PayPal, the granddaddy of the digital payments industry, has still got it: The company’s stock is up more than 100% since the start of 2017, and it still has a 61% market share.
PayPal may be a product of the first dotcom boom, but it’s still on top of the digital payments world, thanks to its acquisition strategy.
The mafia moved on, but PayPal didn’t go anywhere
PayPal’s early members famously left to build other mega-businesses: Elon Musk (Tesla, SpaceX), Peter Thiel (Palantir, Founder’s Fund), Reid Hoffman (LinkedIn), Jawed Karim (YouTube), and Jeremy Stoppelman (Yelp) were all part of the PayPal mafia.

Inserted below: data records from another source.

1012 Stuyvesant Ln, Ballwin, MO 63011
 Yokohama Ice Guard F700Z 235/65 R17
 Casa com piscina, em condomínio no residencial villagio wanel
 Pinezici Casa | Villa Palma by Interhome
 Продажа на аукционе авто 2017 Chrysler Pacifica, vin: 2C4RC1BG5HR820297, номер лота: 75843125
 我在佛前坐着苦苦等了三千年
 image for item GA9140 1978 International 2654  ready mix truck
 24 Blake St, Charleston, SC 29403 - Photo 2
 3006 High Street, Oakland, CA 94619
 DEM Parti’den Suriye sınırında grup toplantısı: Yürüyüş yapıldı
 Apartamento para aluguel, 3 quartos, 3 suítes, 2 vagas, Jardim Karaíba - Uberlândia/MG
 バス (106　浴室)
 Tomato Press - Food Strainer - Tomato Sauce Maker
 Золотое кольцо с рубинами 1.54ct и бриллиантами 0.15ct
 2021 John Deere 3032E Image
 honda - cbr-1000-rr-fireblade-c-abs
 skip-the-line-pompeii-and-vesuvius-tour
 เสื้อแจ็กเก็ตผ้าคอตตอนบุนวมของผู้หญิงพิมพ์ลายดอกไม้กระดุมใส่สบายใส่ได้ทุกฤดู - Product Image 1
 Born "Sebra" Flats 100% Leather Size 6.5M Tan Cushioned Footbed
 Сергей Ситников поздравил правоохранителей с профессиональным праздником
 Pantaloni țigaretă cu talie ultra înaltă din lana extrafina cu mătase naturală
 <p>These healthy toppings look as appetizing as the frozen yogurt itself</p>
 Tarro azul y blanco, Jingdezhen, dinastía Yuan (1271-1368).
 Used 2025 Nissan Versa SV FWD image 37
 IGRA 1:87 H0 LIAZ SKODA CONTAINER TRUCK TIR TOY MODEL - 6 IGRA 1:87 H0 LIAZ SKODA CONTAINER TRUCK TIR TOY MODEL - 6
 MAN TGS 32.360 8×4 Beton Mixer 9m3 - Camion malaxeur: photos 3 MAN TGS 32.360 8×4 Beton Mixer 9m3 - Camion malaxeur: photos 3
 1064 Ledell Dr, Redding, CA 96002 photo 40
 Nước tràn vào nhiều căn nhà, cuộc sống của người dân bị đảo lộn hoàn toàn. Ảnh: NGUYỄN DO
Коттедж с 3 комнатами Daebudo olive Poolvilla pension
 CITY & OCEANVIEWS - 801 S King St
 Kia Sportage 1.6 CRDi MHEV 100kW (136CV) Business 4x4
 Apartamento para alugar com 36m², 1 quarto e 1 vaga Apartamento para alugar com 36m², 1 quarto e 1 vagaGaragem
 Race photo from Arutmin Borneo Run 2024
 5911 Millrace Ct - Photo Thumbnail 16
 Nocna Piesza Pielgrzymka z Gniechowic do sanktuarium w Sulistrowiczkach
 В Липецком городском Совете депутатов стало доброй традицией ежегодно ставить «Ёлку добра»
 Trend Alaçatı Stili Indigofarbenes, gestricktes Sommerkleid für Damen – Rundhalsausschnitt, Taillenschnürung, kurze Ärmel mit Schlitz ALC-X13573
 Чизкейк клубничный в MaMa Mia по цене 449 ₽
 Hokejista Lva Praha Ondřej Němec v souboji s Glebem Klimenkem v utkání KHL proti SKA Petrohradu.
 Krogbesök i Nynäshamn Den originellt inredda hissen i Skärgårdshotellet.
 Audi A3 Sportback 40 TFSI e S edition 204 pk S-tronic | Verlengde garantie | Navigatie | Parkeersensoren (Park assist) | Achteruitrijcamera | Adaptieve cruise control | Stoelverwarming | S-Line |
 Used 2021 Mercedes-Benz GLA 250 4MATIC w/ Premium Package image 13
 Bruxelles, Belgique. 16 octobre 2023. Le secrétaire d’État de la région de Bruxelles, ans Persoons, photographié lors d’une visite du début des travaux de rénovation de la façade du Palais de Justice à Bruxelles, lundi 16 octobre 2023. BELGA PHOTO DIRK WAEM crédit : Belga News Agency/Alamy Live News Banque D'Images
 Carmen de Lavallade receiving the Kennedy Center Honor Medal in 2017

But, 21-year-old PayPal remained successful: Today, PayPal’s $100B market cap is more than 100x when it went public in 2002, and its market share is roughly 3x larger than any competitor.
Much of PayPal’s success rests on a few strategic acquisitions: PayPal acquired Venmo (as a part of Braintree) in 2013 and European payment giant iZettle in 2018, giving its user base a big boost.
PayPal will pay for users
Despite its popularity, Venmo itself still loses hundreds of millions of dollars — but its users are invaluable.
It took PayPal 12 years to grow from 50m to 200m users. After buying Venmo, its new users grew from 200m to 250m in 18 months.
Now, PayPal plans to keep buying users: The company has a $10.5B pile of cash on hand for when it finds the next Venmo.